— Exercise aim —
Nothing in the data should change when you return it, but leave the pictures out.

— Information provided —
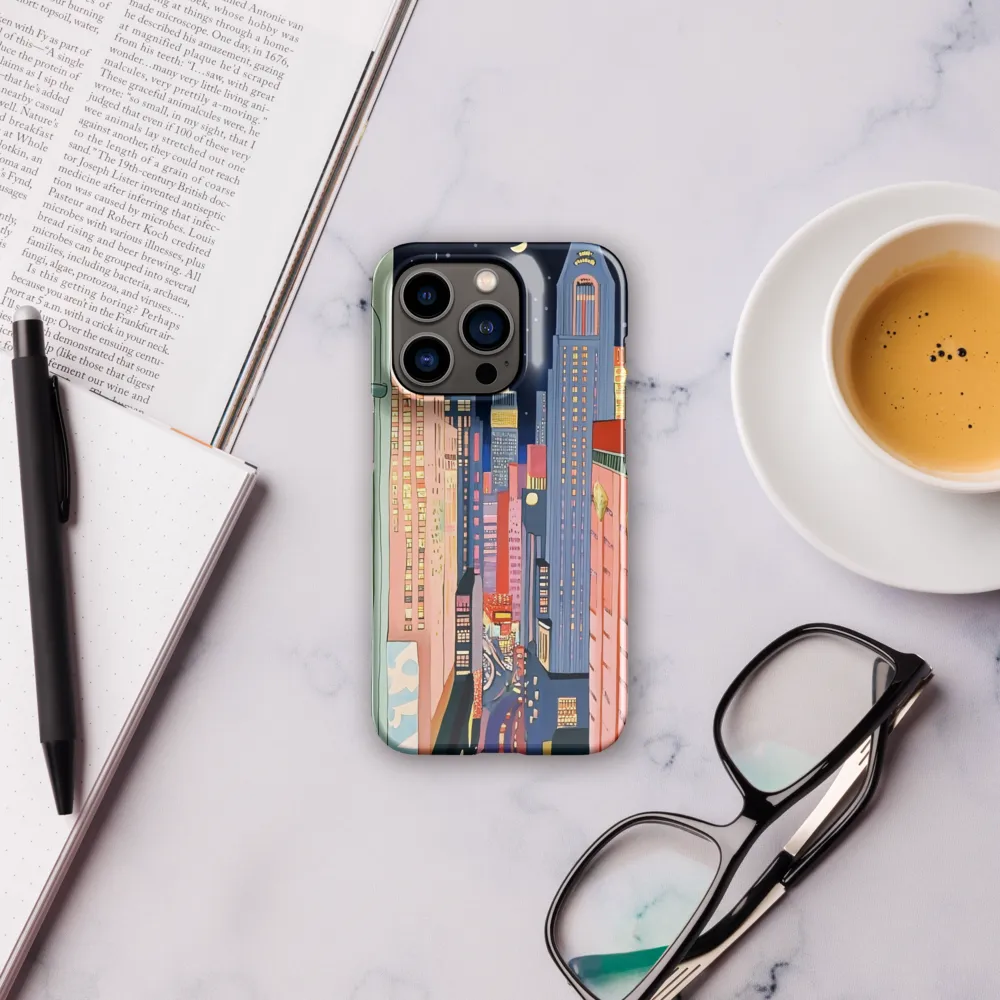 Urban Dreamscape: A Pop Art Night | Phone Case |  14 Pro | Snap Case | Glossy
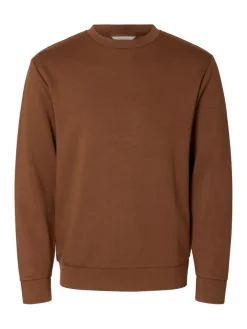 Selected miesten college, MANUEL SOFT CREW NECK Soft Silt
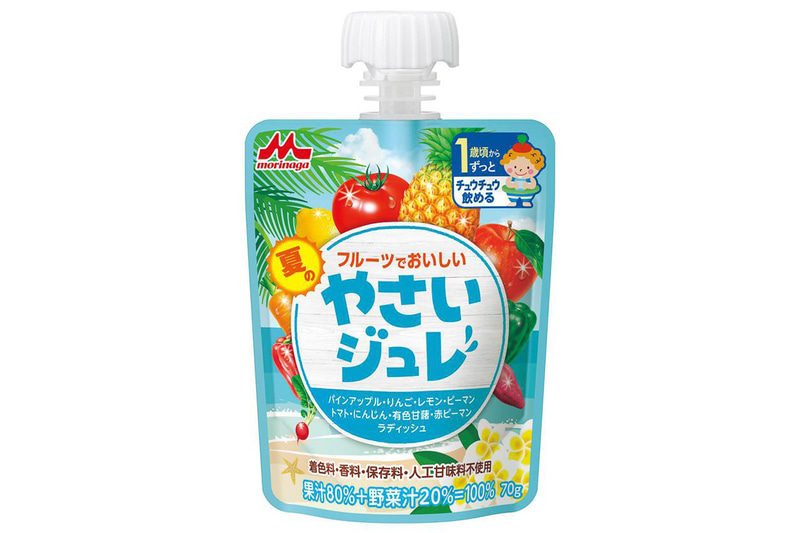 森永乳業「フルーツでおいしい 夏のやさいジュレ」
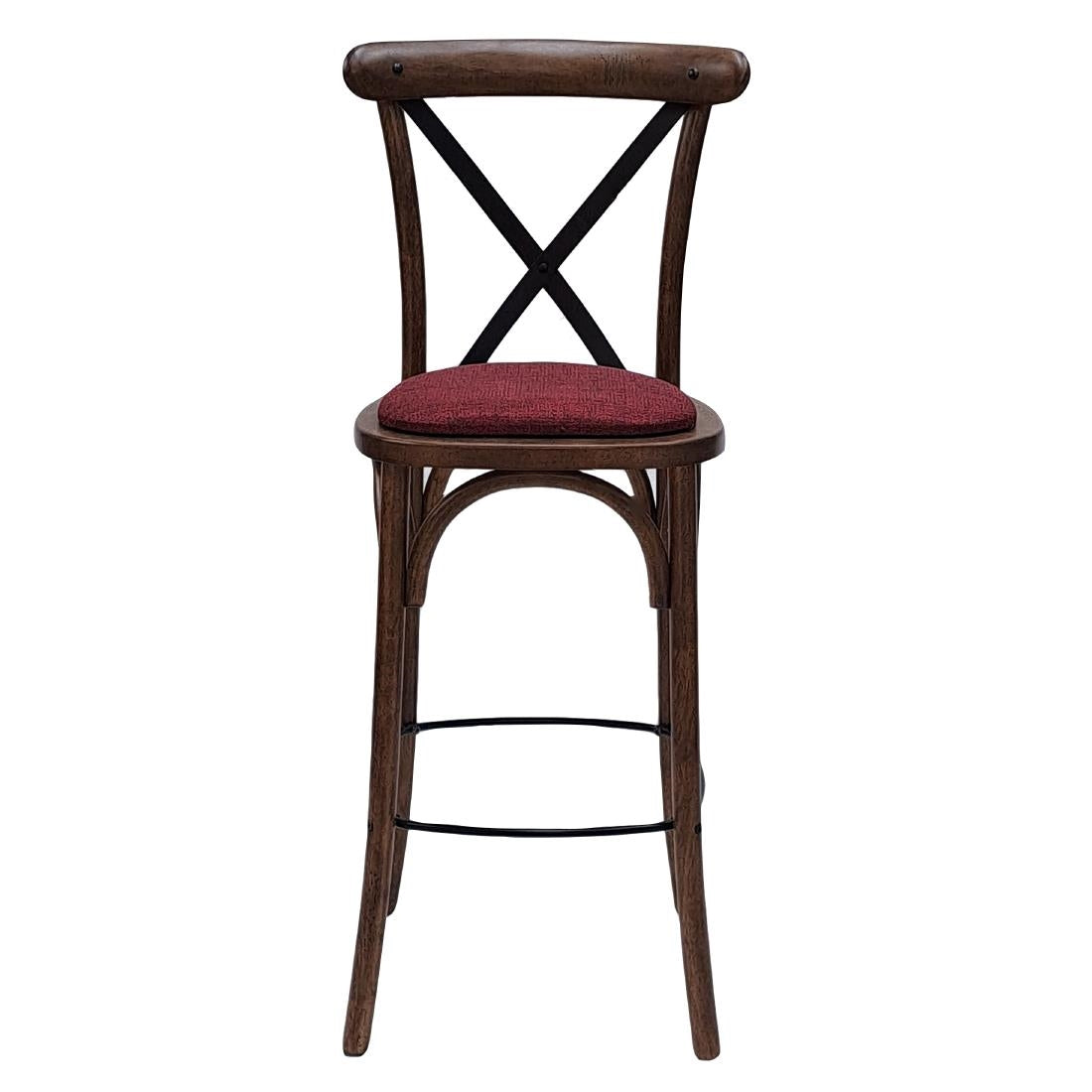 HX893 Bristol Bar Chair in Vintage with Shetland Scarlett Seat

— Exercise output —
 Urban Dreamscape: A Pop Art Night | Phone Case |  14 Pro | Snap Case | Glossy
 Selected miesten college, MANUEL SOFT CREW NECK Soft Silt
 森永乳業「フルーツでおいしい 夏のやさいジュレ」
 HX893 Bristol Bar Chair in Vintage with Shetland Scarlett Seat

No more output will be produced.